Malkin noted the irony in his embrace of the tea party in interviews this week.
"The problem, of course, is that Bush nostalgia is indelibly marred by his disastrous domestic policy legacy of big government, big spending, and betrayal of core fiscal principles," she wrote, "the very impetus for the Tea Party movement upon which he now heaps glowing praise."
If Republicans tried to forget Bush, Democrats tried to make him an issue, hoping he would hurt Republican candidates in 2010 as he did in 2006 and 2008.
Obama worked to remind voters that he "inherited" the economic collapse from Bush. Polls showed he made his case successfully — a McClatchy-Marist poll last month found that registered voters by a 2-1 margin thought he inherited rather than caused today's economic woes.
It didn't matter, though. With Bush not on the ballot and no longer in office as he was in 2006 and 2008, voters moved on.
Bush remains a divisive figure two years after leaving office — though he's not as deeply unpopular.

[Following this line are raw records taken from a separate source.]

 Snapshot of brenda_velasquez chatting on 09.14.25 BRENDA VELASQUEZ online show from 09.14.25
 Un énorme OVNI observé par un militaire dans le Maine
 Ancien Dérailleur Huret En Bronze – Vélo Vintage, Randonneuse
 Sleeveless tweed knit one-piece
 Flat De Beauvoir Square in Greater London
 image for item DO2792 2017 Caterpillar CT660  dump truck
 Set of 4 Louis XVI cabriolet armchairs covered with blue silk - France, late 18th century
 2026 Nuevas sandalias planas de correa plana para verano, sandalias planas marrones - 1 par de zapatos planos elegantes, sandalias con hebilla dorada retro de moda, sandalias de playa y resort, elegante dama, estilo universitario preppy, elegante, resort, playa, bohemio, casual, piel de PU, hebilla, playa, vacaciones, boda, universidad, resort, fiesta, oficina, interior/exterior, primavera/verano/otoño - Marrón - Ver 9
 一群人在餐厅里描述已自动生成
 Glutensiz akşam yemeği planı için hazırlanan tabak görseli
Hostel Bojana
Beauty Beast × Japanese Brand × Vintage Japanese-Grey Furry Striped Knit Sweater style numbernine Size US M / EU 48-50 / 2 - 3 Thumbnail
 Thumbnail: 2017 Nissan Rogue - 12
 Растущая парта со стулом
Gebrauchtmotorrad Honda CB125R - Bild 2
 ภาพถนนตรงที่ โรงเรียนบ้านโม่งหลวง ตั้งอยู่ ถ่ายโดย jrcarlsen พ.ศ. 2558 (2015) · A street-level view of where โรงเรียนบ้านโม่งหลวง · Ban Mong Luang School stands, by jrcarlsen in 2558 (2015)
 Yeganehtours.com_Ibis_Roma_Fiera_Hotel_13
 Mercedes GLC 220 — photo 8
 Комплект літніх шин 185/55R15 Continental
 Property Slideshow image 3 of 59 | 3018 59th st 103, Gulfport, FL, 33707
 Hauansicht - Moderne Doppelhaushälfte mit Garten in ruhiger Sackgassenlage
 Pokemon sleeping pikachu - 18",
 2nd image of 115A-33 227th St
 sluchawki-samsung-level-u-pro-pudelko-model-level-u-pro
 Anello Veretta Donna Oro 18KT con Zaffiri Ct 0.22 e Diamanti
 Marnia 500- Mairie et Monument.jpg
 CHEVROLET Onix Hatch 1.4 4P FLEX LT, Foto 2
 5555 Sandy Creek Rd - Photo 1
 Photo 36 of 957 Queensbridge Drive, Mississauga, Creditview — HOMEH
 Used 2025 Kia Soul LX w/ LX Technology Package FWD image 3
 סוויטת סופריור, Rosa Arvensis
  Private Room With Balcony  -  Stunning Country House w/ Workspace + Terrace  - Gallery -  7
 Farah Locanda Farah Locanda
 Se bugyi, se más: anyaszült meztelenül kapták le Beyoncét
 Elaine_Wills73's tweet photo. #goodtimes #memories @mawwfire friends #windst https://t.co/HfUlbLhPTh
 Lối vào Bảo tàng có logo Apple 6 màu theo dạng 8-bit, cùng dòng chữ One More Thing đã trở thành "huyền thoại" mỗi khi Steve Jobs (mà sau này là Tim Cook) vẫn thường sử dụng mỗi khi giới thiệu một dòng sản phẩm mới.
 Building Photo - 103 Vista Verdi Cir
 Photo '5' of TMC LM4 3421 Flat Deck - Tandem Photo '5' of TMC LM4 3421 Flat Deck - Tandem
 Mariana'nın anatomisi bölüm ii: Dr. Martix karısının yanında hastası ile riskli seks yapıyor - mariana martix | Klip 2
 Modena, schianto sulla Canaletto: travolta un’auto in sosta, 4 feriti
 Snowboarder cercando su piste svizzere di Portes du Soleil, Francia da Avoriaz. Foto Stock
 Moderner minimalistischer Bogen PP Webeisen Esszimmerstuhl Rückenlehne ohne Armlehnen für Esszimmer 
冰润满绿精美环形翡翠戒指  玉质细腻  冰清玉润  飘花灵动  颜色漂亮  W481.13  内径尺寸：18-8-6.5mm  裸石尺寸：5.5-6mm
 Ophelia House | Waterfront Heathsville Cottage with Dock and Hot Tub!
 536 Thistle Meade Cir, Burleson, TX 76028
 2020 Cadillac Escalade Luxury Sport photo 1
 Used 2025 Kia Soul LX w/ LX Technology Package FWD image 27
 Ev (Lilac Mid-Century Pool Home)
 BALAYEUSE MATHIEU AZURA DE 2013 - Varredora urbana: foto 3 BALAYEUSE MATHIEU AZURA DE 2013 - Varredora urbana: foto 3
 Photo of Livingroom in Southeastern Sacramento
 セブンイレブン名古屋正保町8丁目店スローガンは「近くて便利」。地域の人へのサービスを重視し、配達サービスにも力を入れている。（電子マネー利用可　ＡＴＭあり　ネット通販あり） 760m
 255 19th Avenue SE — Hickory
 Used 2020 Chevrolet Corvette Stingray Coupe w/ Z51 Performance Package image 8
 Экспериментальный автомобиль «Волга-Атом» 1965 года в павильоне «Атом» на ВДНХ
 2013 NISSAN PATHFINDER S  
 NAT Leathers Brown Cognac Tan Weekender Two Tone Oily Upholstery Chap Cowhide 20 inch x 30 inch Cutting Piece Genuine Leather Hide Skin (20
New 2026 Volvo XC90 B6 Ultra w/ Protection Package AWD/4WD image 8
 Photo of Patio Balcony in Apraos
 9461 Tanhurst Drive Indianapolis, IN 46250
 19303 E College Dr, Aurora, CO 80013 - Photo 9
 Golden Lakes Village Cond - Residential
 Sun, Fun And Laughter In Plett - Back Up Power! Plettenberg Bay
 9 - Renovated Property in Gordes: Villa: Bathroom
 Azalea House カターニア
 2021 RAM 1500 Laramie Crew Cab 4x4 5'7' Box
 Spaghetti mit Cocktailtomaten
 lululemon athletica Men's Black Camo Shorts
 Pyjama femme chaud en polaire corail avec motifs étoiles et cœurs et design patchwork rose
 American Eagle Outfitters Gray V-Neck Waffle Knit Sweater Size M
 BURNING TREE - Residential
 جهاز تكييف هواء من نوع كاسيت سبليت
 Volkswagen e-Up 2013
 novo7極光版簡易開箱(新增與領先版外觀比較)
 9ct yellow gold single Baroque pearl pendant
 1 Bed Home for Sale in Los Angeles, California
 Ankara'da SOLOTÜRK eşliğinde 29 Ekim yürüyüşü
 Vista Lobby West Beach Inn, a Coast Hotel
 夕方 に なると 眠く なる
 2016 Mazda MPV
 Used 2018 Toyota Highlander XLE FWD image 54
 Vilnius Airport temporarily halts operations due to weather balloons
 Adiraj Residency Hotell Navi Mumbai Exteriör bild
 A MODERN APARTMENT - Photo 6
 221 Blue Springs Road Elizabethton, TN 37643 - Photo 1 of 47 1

A Gallup Poll this summer found 45 percent of Americans had a favorable opinion of him while 51 percent had an unfavorable opinion. Two years earlier, 39 percent had a favorable opinion and 61 percent had an unfavorable opinion of him.
He still bears the burden of waging an unpopular war on the false premise that Iraq had weapons of mass destruction and of presiding over the collapse of the economy in 2008.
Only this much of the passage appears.